**Task directions:**
Your task is to return all of the records exactly, minus any images.

[Crawled caption data]
※

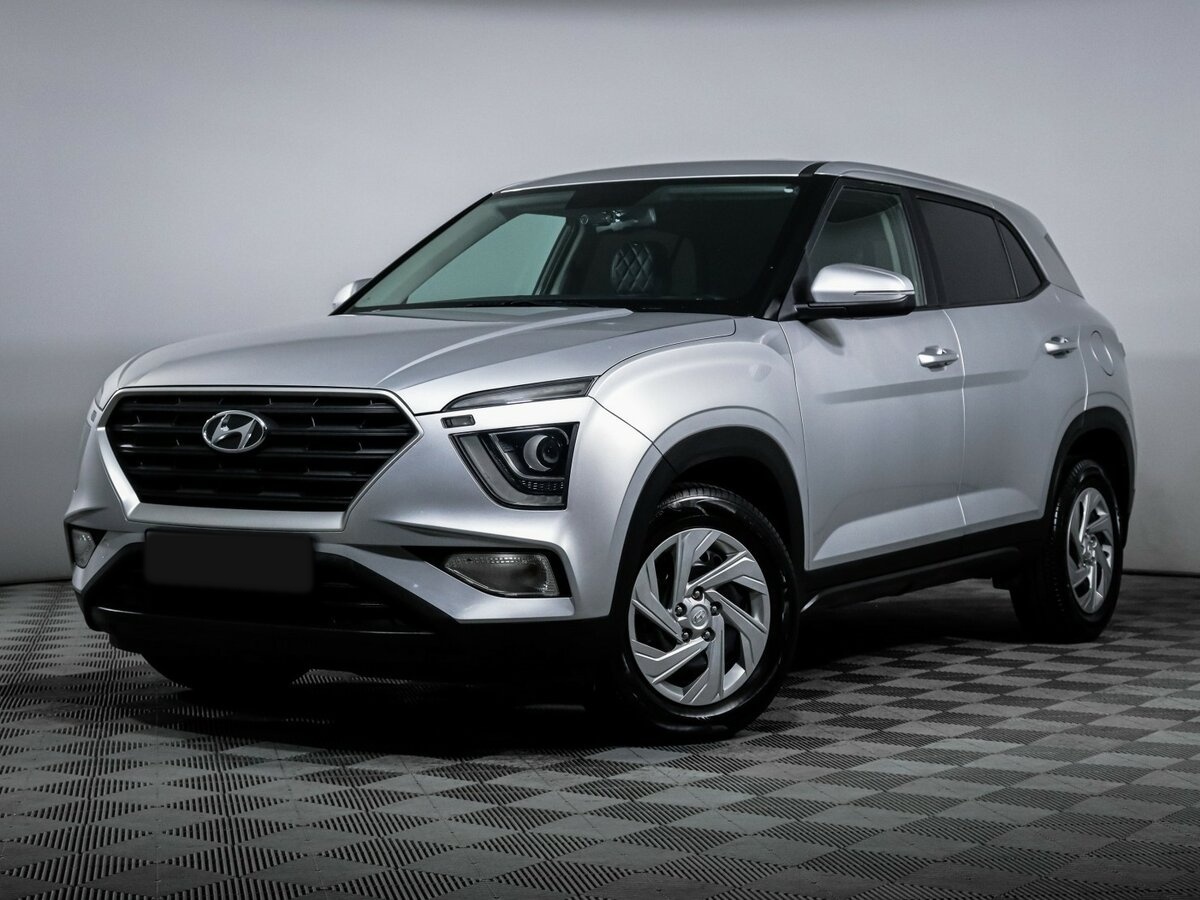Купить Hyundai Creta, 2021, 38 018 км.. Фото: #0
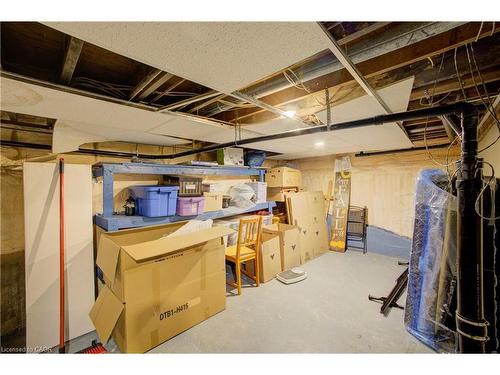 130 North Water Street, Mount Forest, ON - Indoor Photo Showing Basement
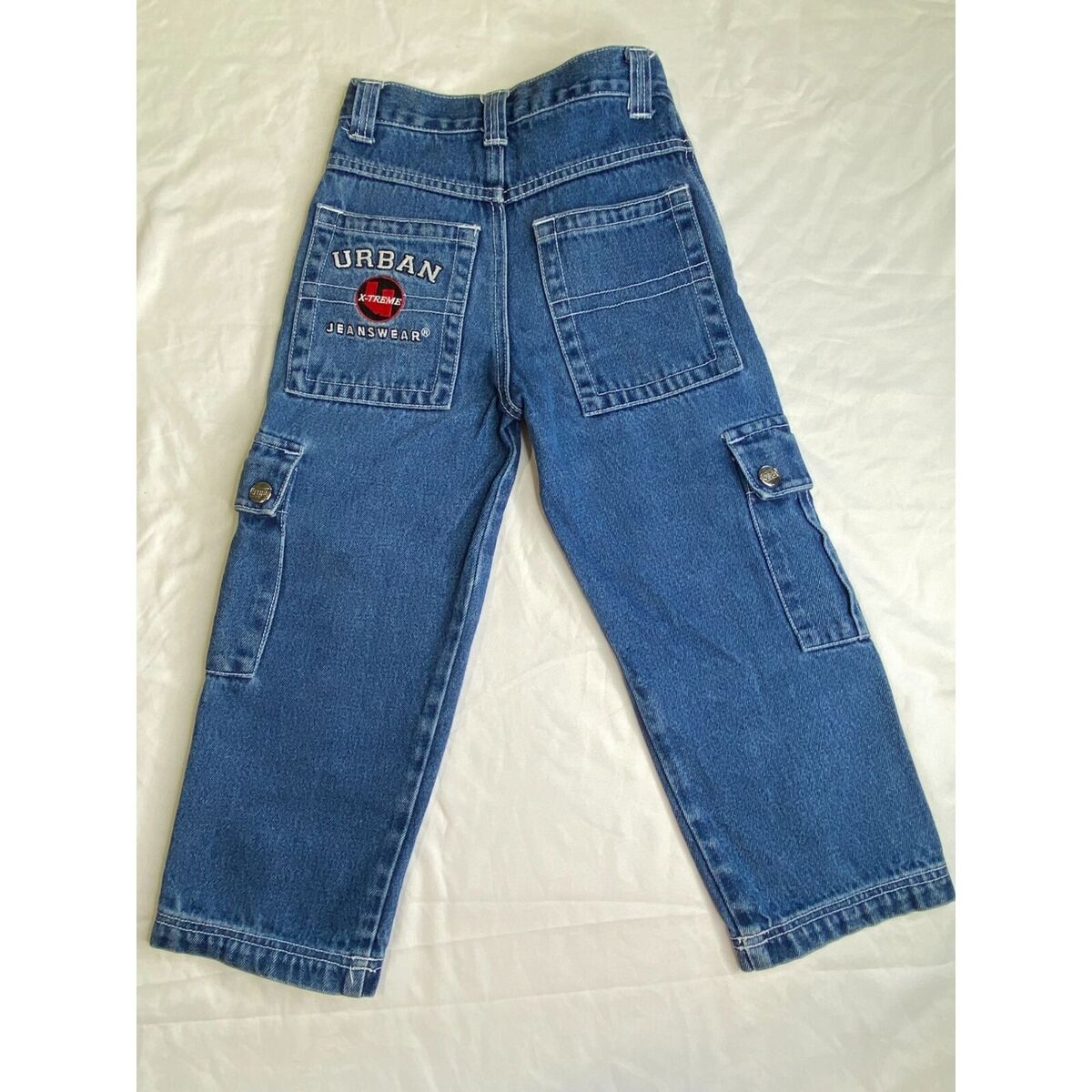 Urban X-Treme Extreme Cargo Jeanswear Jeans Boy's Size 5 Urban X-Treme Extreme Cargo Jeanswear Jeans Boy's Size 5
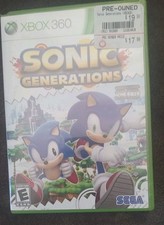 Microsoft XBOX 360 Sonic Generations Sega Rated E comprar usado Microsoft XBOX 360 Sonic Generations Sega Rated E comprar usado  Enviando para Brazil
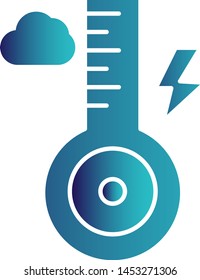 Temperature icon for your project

※

**Task result:**
Купить Hyundai Creta, 2021, 38 018 км.. Фото: #0
 130 North Water Street, Mount Forest, ON - Indoor Photo Showing Basement
 Urban X-Treme Extreme Cargo Jeanswear Jeans Boy's Size 5 Urban X-Treme Extreme Cargo Jeanswear Jeans Boy's Size 5
 Microsoft XBOX 360 Sonic Generations Sega Rated E comprar usado Microsoft XBOX 360 Sonic Generations Sega Rated E comprar usado  Enviando para Brazil
 Temperature icon for your project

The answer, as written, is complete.